Exercise requirements
For the entries below, return every line from the top through the line with "Atmosphere - You" exactly as it stands, omitting pictures.
--- START ---
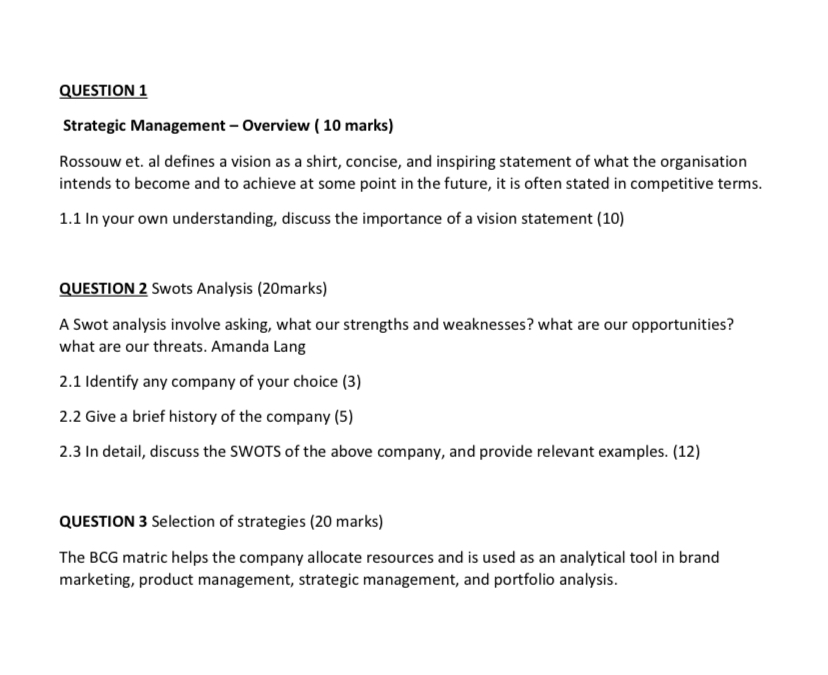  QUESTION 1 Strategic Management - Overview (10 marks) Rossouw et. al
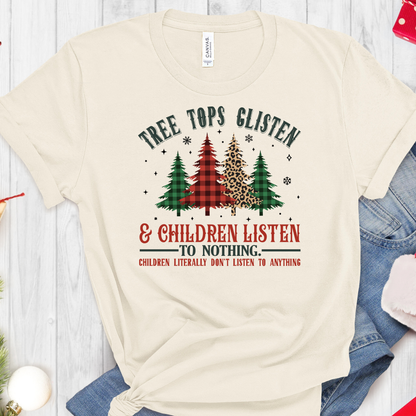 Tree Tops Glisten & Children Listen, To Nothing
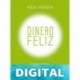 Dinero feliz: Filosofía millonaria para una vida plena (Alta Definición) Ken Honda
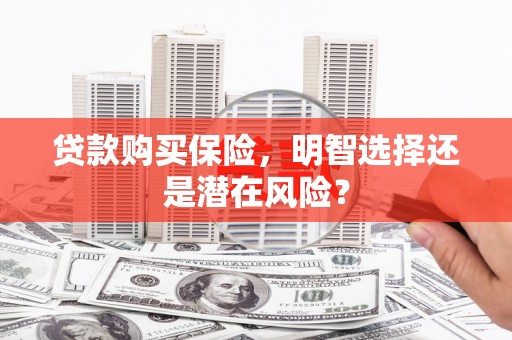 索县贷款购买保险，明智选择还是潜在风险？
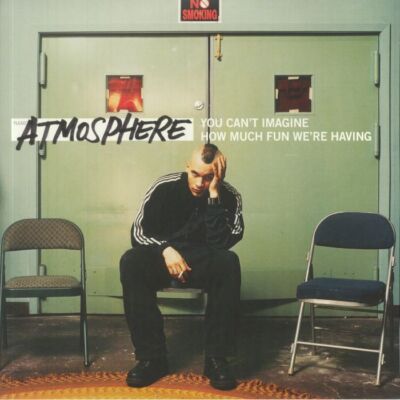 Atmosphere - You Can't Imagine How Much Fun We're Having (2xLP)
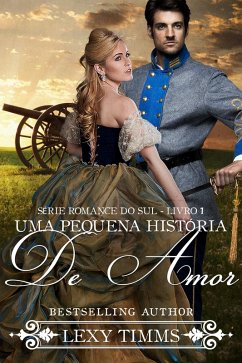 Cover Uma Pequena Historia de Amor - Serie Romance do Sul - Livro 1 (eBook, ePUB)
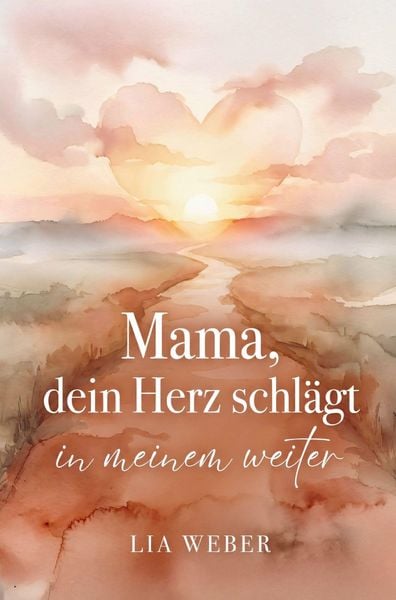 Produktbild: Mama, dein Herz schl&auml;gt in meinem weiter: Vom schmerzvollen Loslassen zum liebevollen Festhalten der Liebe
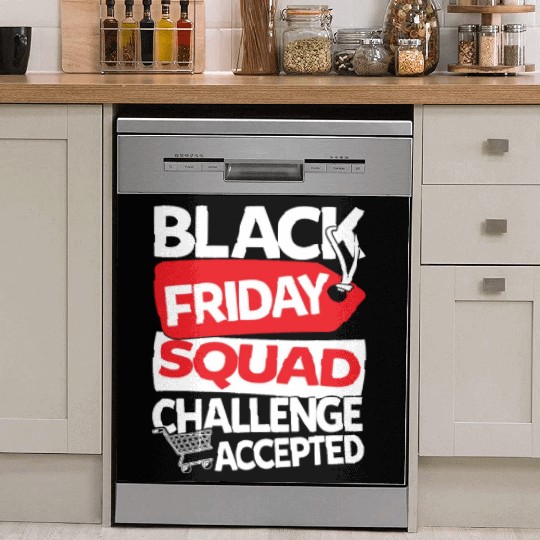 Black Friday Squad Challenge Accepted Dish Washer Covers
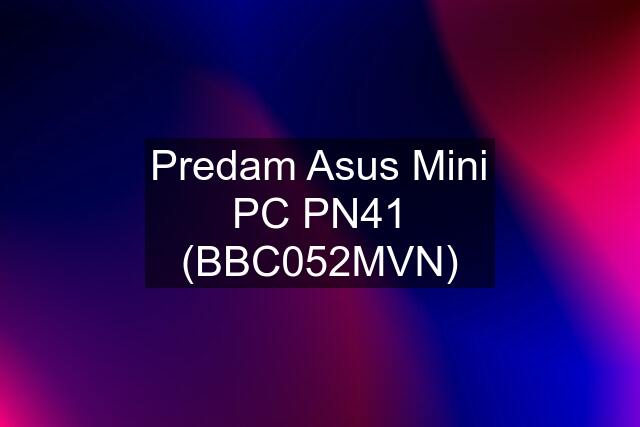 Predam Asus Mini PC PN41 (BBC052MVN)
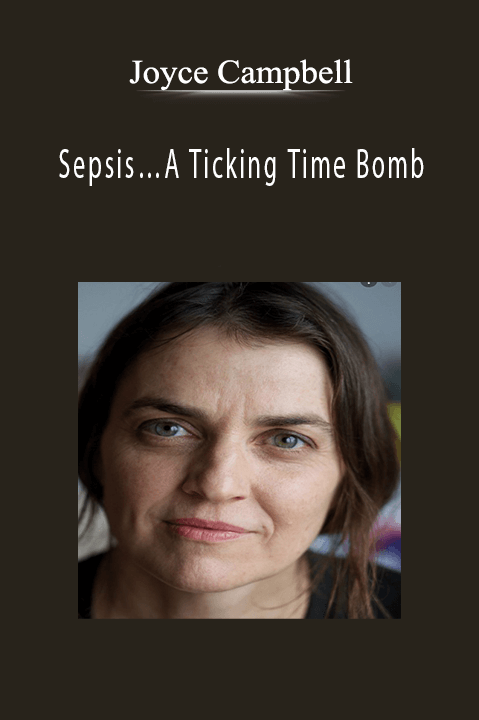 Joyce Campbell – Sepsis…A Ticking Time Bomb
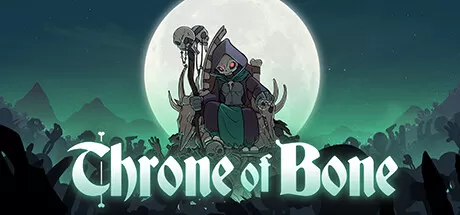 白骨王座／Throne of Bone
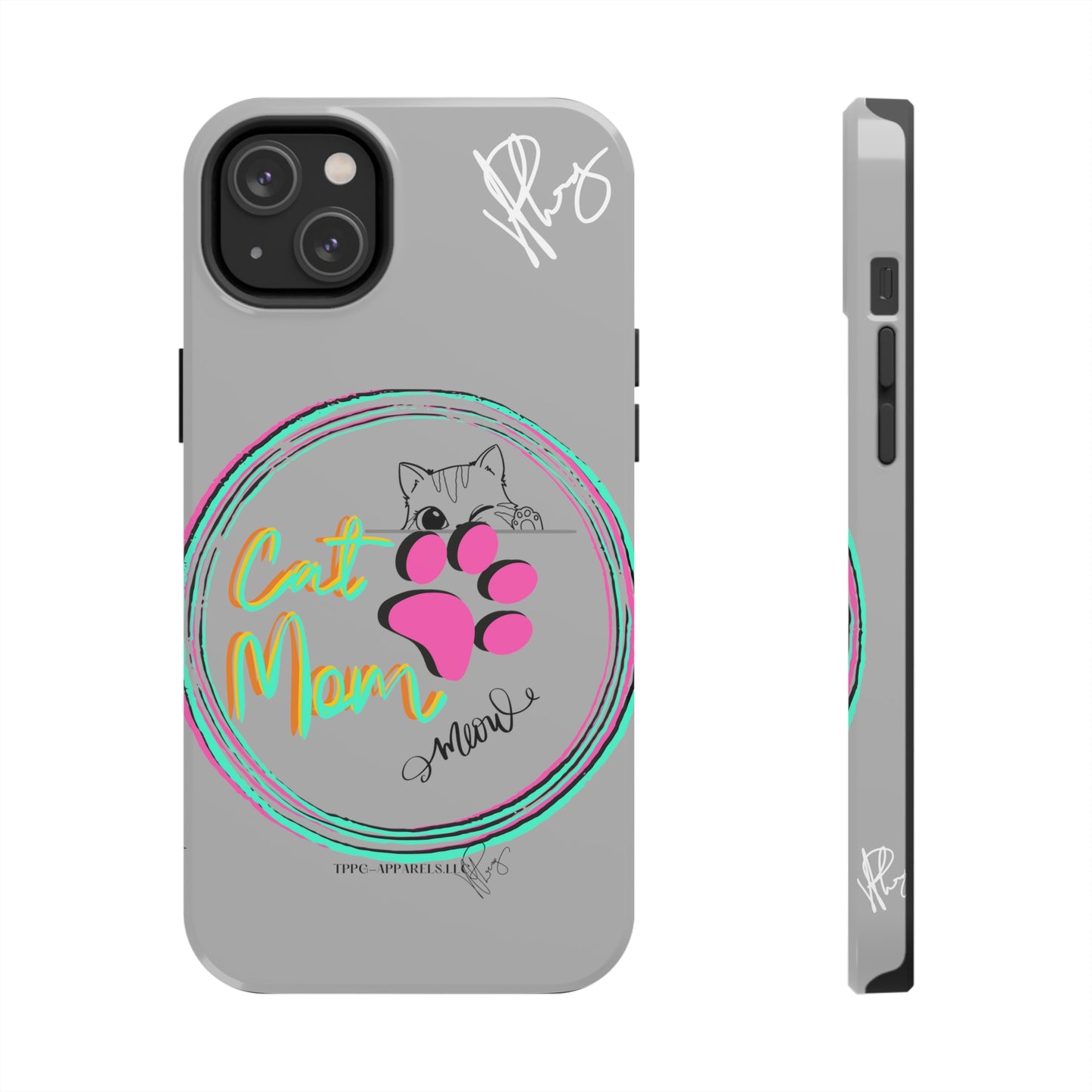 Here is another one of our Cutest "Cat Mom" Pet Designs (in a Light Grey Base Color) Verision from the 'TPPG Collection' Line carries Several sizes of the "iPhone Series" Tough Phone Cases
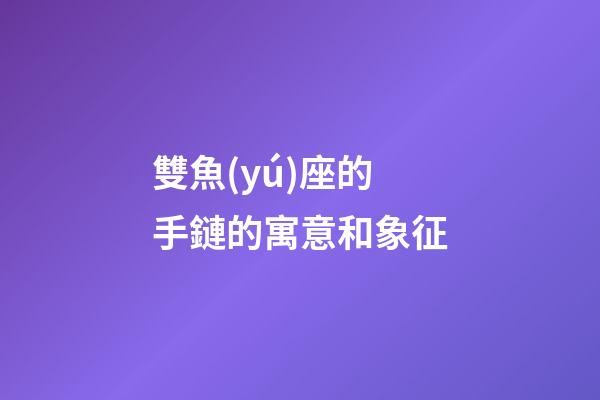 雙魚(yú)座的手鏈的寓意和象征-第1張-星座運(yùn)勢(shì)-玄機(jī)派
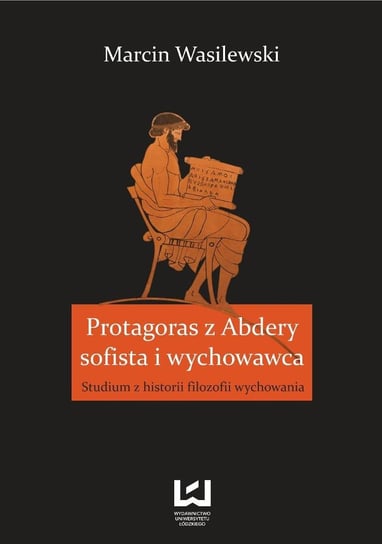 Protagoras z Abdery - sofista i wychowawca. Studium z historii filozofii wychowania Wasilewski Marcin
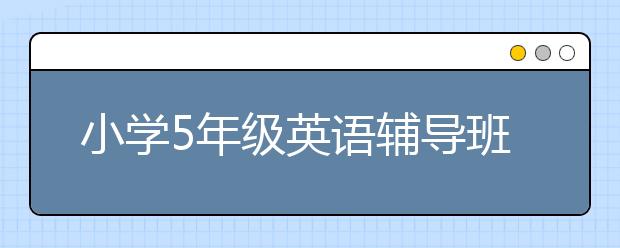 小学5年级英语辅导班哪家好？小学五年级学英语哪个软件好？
--- END ---
Exercise solution
  QUESTION 1 Strategic Management - Overview (10 marks) Rossouw et. al
 Tree Tops Glisten & Children Listen, To Nothing
 Dinero feliz: Filosofía millonaria para una vida plena (Alta Definición) Ken Honda
 索县贷款购买保险，明智选择还是潜在风险？
 Atmosphere - You Can't Imagine How Much Fun We're Having (2xLP)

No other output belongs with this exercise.